Staude und Einzeller des Jahres

Absolute Hingucker

Aus DER RABE RALF Juni/Juli 2019, S. 9

Disteln sind Staude des Jahres 2019

Der Alpen-Mannstreu findet im Steppen-Salbei den perfekten Partner für starke Farbkontraste. (Foto: Markus Hirschler/GMH)

Ein grüner Mediendienst schrieb anlässlich der Kür der Disteln zur Staude des Jahres, „die Distel“ sei ein klassischer Fall von: „Wer bin ich – und wenn ja, wie viele?“ Treffend formuliert, denn bei den Disteln handelt es sich nicht um eine einzelne Pflanzengattung, sondern um eine ganze Gruppe von Gattungen. Ein Merkmal allerdings eint alle diese Vertreter, denn Disteln besitzen Dornen. „Mal mehr, mal weniger, mal sind nur die Blattränder mit piksenden Fortsätzen bewehrt, mal auch die Stängel und Blütenkelche. In jedem Fall wissen sich die meisten Disteln ganz gut vor potenziellen Fressfeinden zu schützen“, fasst Georg Uebelhart, Geschäftsführer der Jelitto Staudensamen GmbH im niedersächsischen Schwarmstedt, zusammen.

Das Wort „Distel“ soll übrigens auf indogermanische Ursprünge zurückgehen und so viel wie „spitz“ oder „stechen“ bedeuten. In der Botanik ist Distel ein Namensbestandteil bei verschiedenen Arten und Gattungen der Carduoideae, einer Unterfamilie der Korbblütler.

Dazu zählen etwa Ringdisteln (Carduus), Eberwurzen (Carlina), Färberdisteln (Carthamus), auch Saflor genannt, Kugeldisteln (Echinops) und Mariendisteln (Silybum), um nur einige zu nennen. Wegen ihres ähnlichen Äußeren werden auch einige Karden (Dipsacus) aus der Familie der Geißblattgewächse sowie der Mannstreu (Eryngium), die artenreichste Gattung der Familie der Doldenblütler, als Disteln angesprochen. Auch die als Blütengemüse verzehrte Artischocke (Cynara cardunculus) wird gelegentlich mit zu den Disteln gezählt – darauf verweist einer ihrer Trivialnamen: Welschdistel.

Anspruchslose Kosmopoliten

Bei den meisten Disteln oder als solche angesehenen Vertretern handelt es sich um ein- bis zweijährige, selten ausdauernde, krautige Pflanzen, die Wuchshöhen von 30 bis 200, selten bis zu 400 Zentimetern erreichen. Sie sind mit Stacheln oder Dornen bewehrt und mehr oder weniger wollig behaart. Die aufrechten Stängel sind einfach oder verzweigt, manchmal kantig wie bei Echinops und oft stachelig-geflügelt. Die Laubblätter sind meist wechselständig angeordnet. Einige Disteln bilden als Überdauerungsorgane Rhizome aus. Als seltene Eigenschaft kann das Vorhandensein von Milchsaft in den Pflanzenteilen wie zum Beispiel bei der Gänsedistel gelten.

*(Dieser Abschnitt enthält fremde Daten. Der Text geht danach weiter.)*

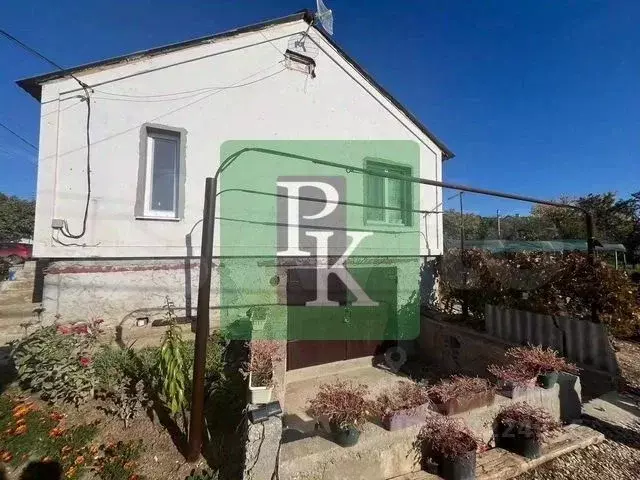 Дом в Севастополь Эллада садоводческое товарищество, 21 (74 м) - Фото 1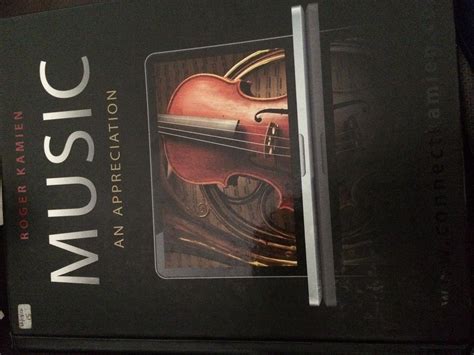 Music An Appreciation Brief Kamien 7th Edition 5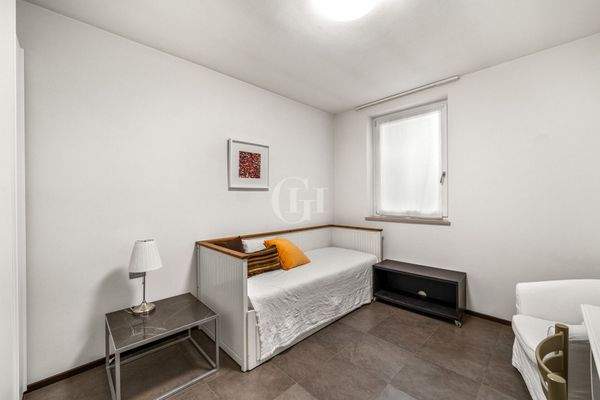 Zimmer Nebengebäude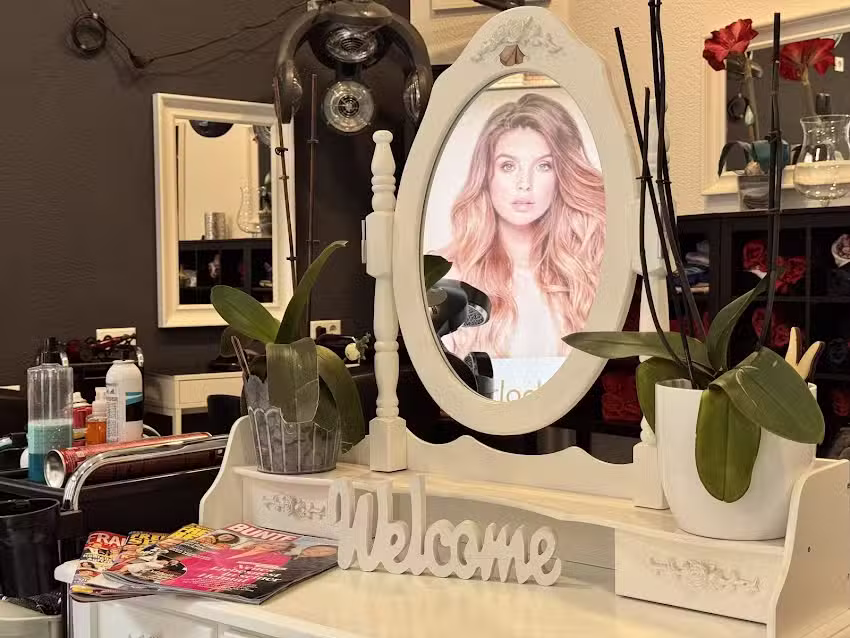 Friseursalon Charme & Chic Mannheim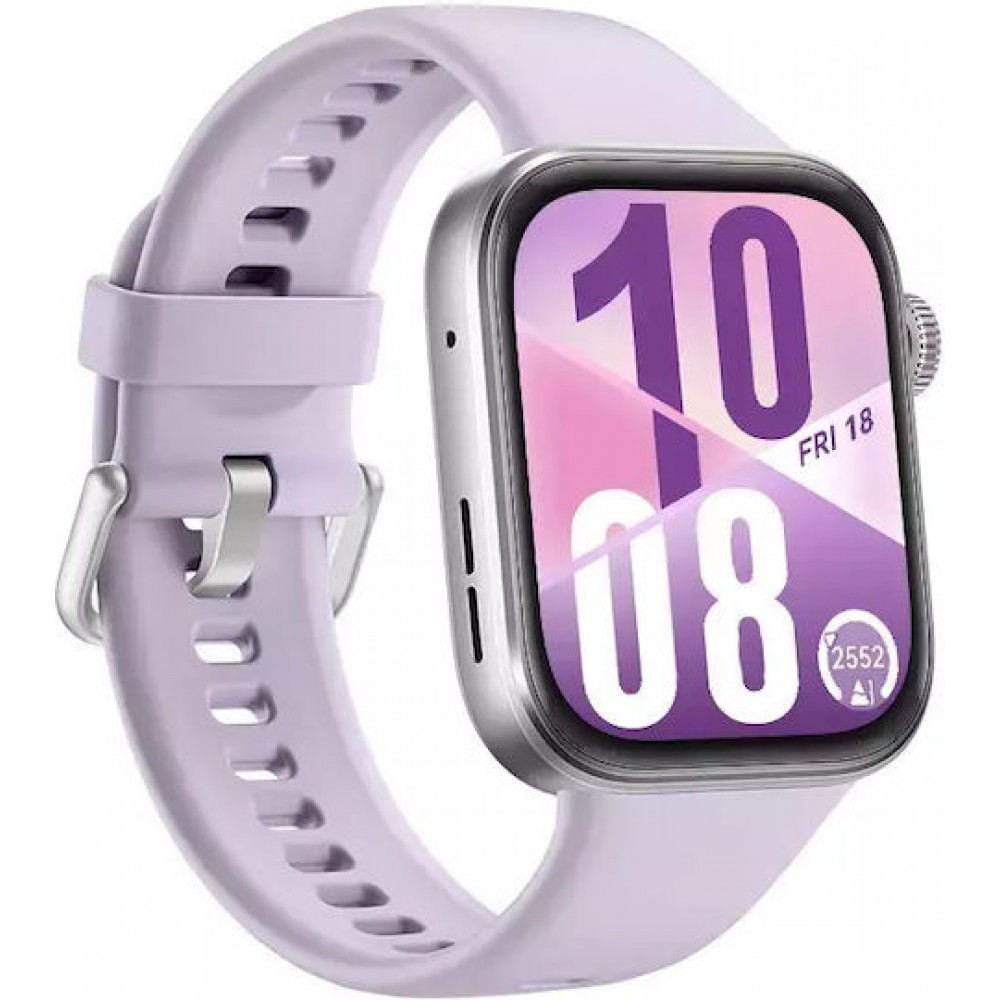 Huawei Watch Fit 4 Purple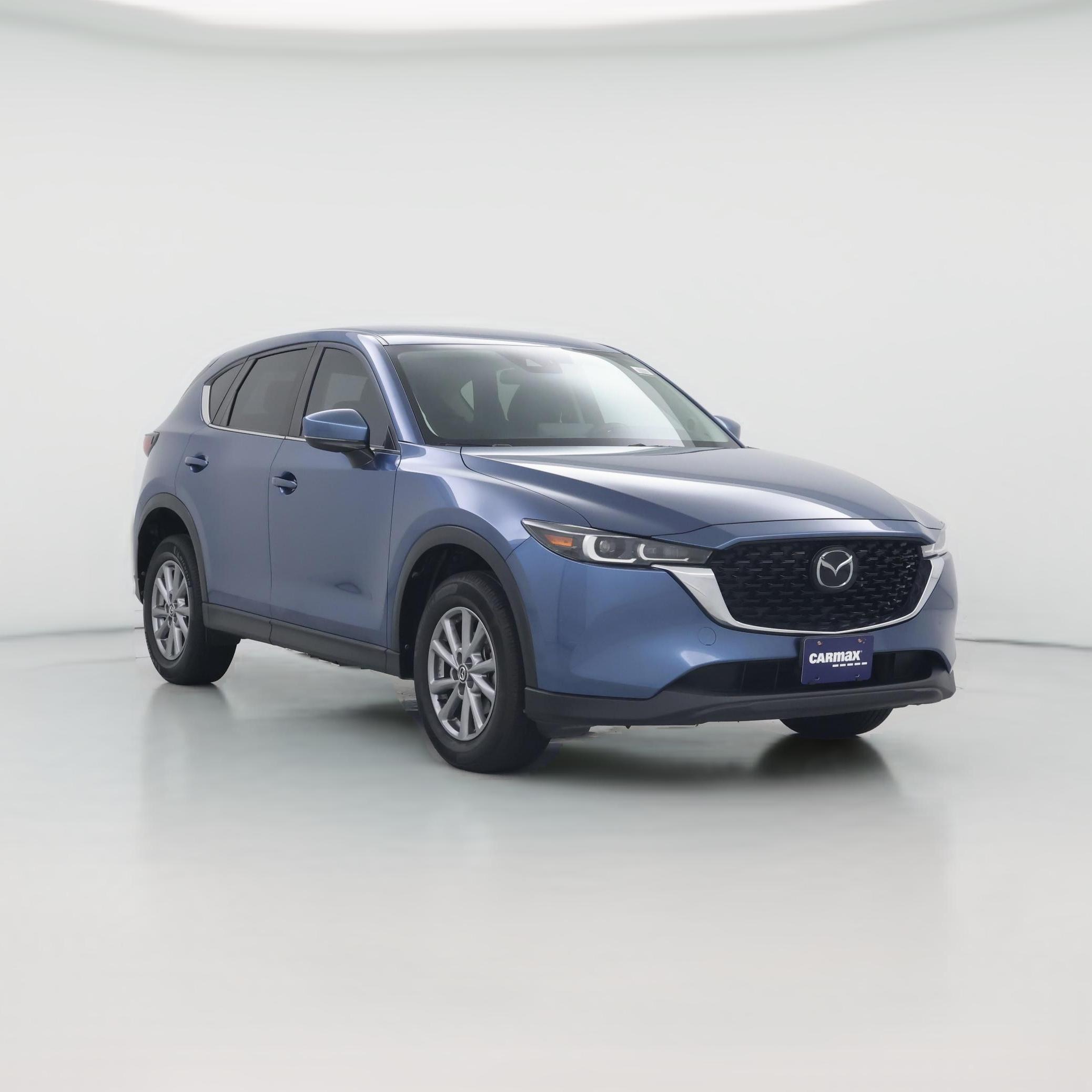 Thumbnail: 2023 Mazda CX-5 - 1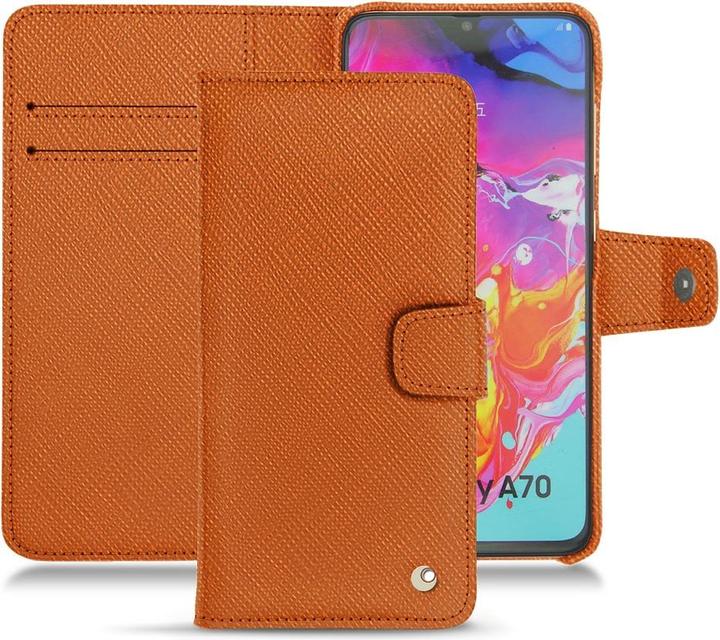 Image du produit Noreve Housse en cuir (Samsung Galaxy A70)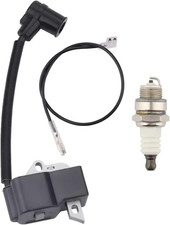 4137 400 1350 Ignition Coil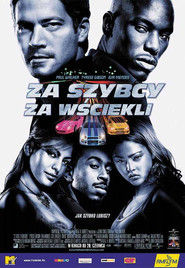 Za szybcy, za wściekli Cały Film (2003) - Filman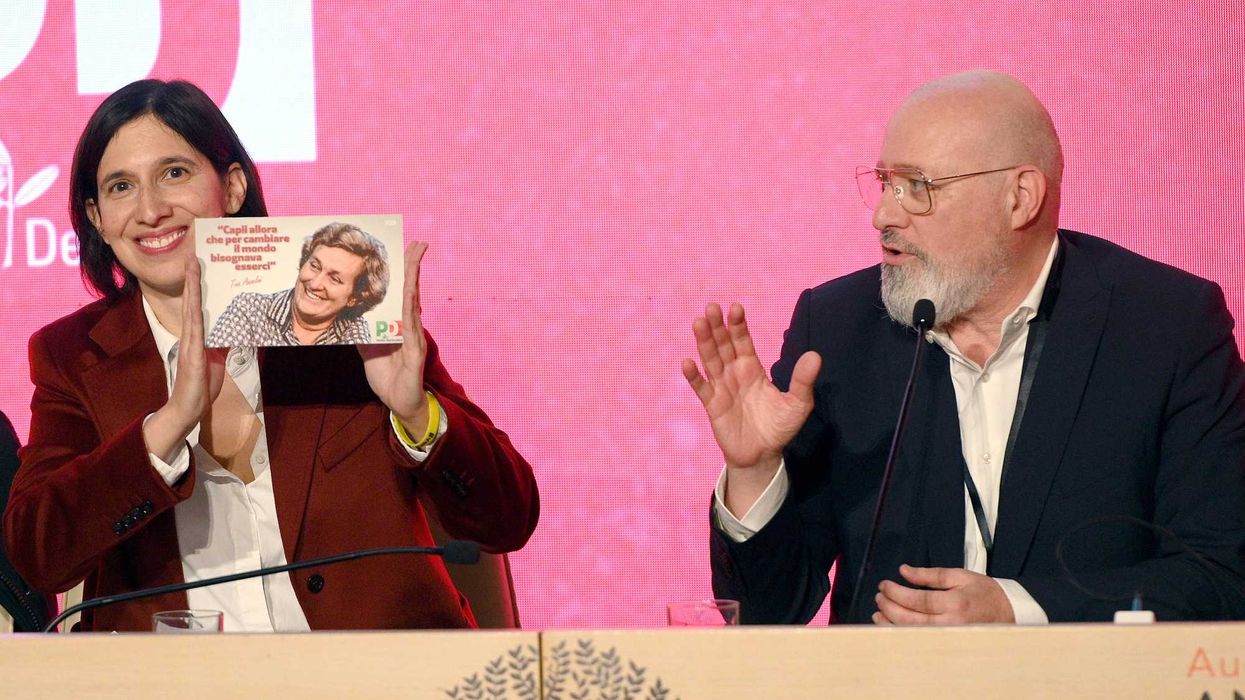 E nel Pd ammettono: «Imprese e operai non ci ascoltano più»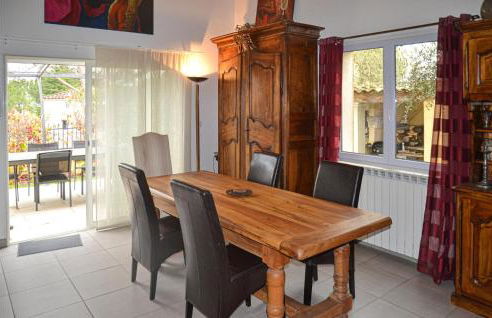 3 Bedroom Amazing Home In Villetelle - Foto 4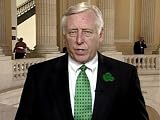 Charlie Rose - House Majority Leader Steny Hoyer / Health Care Update (March 17, 2010)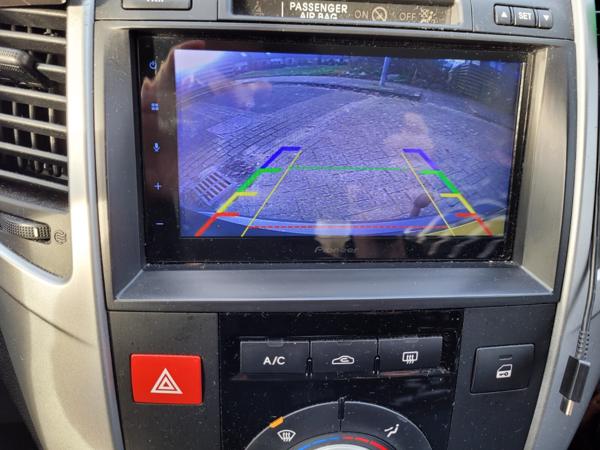 Kia Venga:1.4 CVVT X-TRA BJ 2010.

Disteln kommen fast überall vor und stellen keine besonderen Ansprüche an Böden und Standorte. „Disteln sind Kosmopoliten, man findet sie vom Sumpf bis zur Steppe nahezu auf der ganzen Welt“, erklärt Distelfan Uebelhart, der auf seinen Reisen zahlreiche Arten schon am Naturstandort gesehen hat. Sie tolerieren Halbschatten, bevorzugen aber einen Platz in der vollen Sonne. Manche Arten mögen einen eher windstillen Standort, wieder andere lehnen sich gerne an. Der Boden sollte möglichst durchlässig mit gutem Wasserabzug sein. Staunässe mögen Disteln in der Regel nicht. Arten wie die Gold- und die Silberdistel, die zu den Eberwurzen gehören, wachsen in der Natur auf eher mageren Böden. Sie gedeihen aber auch in normaler Gartenerde. Obendrein benötigen Disteln keine spezielle Pflege. In kalten Regionen ist eine Winterabdeckung mit Reisig ratsam.

Ökologisch wertvoll

Allen Disteln gemein sind die Blütezeit im Hochsommer und die optisch attraktiven Fruchtstände. Die Pflanzen produzieren Unmengen an Nektar und Pollen und locken damit unzählige Bienen, Schmetterlinge und andere Insekten an. Außerdem dienen ihre Blätter vielen Schmetterlingsraupen als Futter – denen des Distelfalters zum Beispiel. Der Distelfink oder Stieglitz und viele andere Vögel, aber auch Kleinsäuger lieben dagegen die nahrhaften Samen, die sie geschickt aus den starren Hüllen picken oder vom Erdboden aufsammeln. „Disteln sind für Naturliebhaber ohnehin ein Muss im Garten – auch die früher als Unkraut verpönten, aber ebenfalls sehr hübschen Wildarten“, ist Uebelhart überzeugt.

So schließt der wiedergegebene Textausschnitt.